The club participated in some head races in crew boats after on-the-water training was limited to singles.
“It was pretty exciting. We had 25, 26 junior kids racing with us this fall,” he said. “It’s nice for the kids to get back and train with other people in the same boats instead of always in singles and always on Zoom.
“It’s really nice for the kids to be able to test themselves on all the training that they have done and get out and compete,” he added.
“It’s nice for us as a club, it’s really nice for me as a coach to get back into crew boats.
Zoom training sessions can’t compare with person-to-person coaching, but Verbraeken gives the athletes credit for making it work.
“I think there is always something that gets lost (in the translation), but not much,” he said. “It’s surprising how effective you can really make a Zoom workout when the kids are actively and willingly participating in it.
“They got the camera set up, they’ve got earbuds in so they hear what you’re saying to them.”
Unlike the young athletes in his club, Verbraeken, who came to Canada at age three in 1972 and grew up in St. Catharines where he rowed at the former Lakeport Secondary School, doubts he would have been able to develop as a rower over Zoom.
“No, I don’t think I was that type of athlete. I really needed a team environment,” he said with a laugh.
“Everyone wants to do better than the other guys on your team, that natural competitive spirit,” he added.

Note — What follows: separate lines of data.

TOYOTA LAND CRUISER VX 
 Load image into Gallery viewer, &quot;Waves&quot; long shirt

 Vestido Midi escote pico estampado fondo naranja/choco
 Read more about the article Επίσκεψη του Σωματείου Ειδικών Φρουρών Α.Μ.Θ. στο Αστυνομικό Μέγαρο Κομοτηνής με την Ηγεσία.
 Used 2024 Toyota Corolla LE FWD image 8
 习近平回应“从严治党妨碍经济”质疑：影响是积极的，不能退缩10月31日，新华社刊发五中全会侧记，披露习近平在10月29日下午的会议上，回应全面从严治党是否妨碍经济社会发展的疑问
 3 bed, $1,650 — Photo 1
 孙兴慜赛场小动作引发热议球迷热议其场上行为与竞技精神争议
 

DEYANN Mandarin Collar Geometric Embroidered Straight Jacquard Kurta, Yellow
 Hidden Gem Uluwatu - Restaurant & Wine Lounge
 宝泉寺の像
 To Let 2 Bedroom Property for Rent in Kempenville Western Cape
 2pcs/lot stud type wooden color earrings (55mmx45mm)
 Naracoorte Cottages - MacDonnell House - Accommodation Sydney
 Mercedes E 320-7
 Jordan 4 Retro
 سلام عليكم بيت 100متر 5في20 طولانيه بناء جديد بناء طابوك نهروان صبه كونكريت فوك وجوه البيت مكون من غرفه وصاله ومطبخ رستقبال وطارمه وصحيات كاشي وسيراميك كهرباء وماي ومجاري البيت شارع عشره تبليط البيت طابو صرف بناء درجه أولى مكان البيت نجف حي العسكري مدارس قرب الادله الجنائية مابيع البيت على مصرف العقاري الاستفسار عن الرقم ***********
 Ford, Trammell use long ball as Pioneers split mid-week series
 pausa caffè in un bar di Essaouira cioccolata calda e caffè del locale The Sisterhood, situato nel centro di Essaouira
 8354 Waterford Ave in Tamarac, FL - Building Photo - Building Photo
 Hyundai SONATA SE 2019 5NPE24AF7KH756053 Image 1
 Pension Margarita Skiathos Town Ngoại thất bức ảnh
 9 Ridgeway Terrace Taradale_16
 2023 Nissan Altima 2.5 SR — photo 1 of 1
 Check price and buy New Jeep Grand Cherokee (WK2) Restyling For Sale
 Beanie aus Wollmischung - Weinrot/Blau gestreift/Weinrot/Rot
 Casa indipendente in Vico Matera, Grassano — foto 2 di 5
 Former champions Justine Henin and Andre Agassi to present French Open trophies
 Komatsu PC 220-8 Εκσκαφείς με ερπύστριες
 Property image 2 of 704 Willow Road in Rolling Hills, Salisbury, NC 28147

“I don’t think I could have done it when I was in high school.”
Verbraeken got back into rowing in the early 1990s after stepping away from the sport for a few years.
“I happened to find myself down at the St. Catharines Rowing Club one day,” he recalled. “If it wasn’t for Tony Arcuri from Saint Paul having a little ad up on a bulletin board, ‘Coaches wanted,’ I probably would have ended up coaching for a school in St. Catharines.”
He began coaching at Saint Paul in 1992. Arcuri and Verbraeken still coach Saint Paul rowers, as well as athletes from Saint Michael, A.N. Myer, Westlane and Greater Fort Erie.
The Niagara Falls Rowing Club started in 2012 in his backyard on Lyons Creek. It was launched with two boats and “about 10 kids.”
Current membership is 100 athletes ranging in age from eight to close to 80.
“It’s really a sport for all ages,” Verbraeken said in his acceptance speech.
And, for Wernher Verbraeken and wife Josephine, a sport for the whole family. Their son Jacob recently became the club’s vice-present and daughter Katarina, who is attending Nova Southeastern University on a rowing scholarship, will be running Zoom workouts from her dorm room in Fort Lauderdale, Fla.